Proxy Failover Strategies: High Availability & Automatic Recovery

A single proxy failure should never stop your scraping pipeline. Whether it is a dead proxy, a rate-limited IP, or an entire provider outage, your system needs automatic detection and seamless failover. This guide covers production-tested failover patterns that keep your data collection running 24/7.

Why Proxy Failover Matters

Without failover:

One proxy goes down → entire pipeline stops
Rate limit on one IP → wasted retries on a blocked proxy
Provider outage → hours of downtime
Geo-specific proxy dies → missing data for that region

With proper failover:

Dead proxy detected in seconds → traffic rerouted
Rate-limited IP → automatically switched to fresh IP
Provider outage → fallback to secondary provider
Regional failure → geo-aware routing to backup

Failover Architecture Patterns

Pattern 1: Simple Fallback Chain

import httpx
import asyncio
from typing import List, Optional

class FallbackProxyChain:
    """Try proxies in order, fall back on failure."""
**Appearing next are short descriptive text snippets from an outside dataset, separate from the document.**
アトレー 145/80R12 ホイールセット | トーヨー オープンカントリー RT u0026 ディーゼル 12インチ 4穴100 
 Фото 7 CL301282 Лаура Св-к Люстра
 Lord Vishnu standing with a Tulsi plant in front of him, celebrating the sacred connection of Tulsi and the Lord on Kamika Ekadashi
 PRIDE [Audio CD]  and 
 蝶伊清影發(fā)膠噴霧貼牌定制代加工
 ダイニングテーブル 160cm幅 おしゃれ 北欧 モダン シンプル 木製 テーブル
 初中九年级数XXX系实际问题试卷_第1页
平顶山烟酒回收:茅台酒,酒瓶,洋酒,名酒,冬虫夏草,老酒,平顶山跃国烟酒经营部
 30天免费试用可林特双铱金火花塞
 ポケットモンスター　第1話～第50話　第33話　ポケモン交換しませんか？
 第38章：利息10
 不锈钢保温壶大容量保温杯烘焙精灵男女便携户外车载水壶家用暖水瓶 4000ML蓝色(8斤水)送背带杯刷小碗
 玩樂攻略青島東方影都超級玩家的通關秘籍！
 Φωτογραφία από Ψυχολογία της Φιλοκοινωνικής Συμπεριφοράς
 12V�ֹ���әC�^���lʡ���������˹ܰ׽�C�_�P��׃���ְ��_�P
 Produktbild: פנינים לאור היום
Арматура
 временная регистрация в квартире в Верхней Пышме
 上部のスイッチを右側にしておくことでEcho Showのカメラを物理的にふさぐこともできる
    def __init__(self, proxy_chain: List[str]):
        self.proxy_chain = proxy_chain

    async def request(self, url: str, **kwargs) -> Optional[httpx.Response]:
        last_error = None

        for proxy in self.proxy_chain:
            try:
                async with httpx.AsyncClient(
                    proxy=proxy, timeout=15
                ) as client:
                    response = await client.get(url, **kwargs)
                    if response.status_code < 500:
                        return response
            except Exception as e:
                last_error = e
                continue

        raise Exception(f"All proxies failed. Last error: {last_error}")

# Usage
chain = FallbackProxyChain([
    "http://user:pass@primary-proxy.com:8080",
    "http://user:pass@secondary-proxy.com:8080",
    "http://user:pass@tertiary-proxy.com:8080",
])

response = asyncio.run(chain.request("https://example.com"))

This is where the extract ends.